▶ [Work request]:
Run through the records and show each line that includes the string "golden".
[[ Data for processing open ]]
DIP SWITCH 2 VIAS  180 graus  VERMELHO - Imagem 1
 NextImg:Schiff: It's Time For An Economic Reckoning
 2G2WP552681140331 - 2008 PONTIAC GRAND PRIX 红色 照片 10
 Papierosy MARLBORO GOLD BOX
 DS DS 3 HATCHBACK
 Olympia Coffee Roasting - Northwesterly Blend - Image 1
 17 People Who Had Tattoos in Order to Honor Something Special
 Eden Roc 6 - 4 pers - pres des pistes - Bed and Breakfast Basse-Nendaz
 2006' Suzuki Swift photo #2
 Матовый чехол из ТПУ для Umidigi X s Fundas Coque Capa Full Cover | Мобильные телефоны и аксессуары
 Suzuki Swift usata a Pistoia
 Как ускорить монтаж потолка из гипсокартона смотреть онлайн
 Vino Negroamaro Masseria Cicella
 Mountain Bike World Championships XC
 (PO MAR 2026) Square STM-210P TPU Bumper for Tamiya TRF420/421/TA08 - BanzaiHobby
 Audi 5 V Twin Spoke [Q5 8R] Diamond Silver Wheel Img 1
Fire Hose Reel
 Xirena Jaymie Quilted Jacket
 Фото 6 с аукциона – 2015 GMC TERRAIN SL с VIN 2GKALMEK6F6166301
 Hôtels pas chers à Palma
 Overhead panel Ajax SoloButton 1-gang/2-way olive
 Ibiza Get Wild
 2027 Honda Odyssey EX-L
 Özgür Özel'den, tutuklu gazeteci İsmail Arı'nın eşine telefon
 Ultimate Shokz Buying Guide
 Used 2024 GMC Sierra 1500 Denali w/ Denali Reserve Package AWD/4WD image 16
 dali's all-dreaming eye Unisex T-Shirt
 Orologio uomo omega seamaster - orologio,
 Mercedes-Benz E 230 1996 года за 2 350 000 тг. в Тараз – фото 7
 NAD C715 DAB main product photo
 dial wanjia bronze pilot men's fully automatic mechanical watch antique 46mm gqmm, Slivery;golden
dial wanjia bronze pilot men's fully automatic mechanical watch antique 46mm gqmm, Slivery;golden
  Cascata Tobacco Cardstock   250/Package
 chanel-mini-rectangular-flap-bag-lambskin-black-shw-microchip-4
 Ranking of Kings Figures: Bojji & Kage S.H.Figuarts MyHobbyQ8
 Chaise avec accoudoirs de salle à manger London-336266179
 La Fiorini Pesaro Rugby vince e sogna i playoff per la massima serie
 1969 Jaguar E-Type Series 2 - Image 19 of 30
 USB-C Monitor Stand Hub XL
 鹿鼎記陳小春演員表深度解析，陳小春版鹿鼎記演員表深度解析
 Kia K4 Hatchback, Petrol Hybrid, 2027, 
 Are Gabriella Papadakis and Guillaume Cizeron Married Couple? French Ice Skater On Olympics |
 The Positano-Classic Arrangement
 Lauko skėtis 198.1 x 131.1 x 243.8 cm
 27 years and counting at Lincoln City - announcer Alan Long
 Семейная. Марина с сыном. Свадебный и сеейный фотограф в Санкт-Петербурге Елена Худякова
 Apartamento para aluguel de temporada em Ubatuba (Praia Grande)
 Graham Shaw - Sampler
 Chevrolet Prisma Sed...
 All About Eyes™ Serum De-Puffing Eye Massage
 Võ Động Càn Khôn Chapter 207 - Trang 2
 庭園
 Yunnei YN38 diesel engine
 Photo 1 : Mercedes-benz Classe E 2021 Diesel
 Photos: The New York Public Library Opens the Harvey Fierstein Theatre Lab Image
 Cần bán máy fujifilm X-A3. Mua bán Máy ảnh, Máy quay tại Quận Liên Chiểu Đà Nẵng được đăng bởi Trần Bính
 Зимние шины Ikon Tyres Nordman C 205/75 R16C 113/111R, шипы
[[ Data for processing closed ]]
▶ [Output for this task]:
 dial wanjia bronze pilot men's fully automatic mechanical watch antique 46mm gqmm, Slivery;golden
dial wanjia bronze pilot men's fully automatic mechanical watch antique 46mm gqmm, Slivery;golden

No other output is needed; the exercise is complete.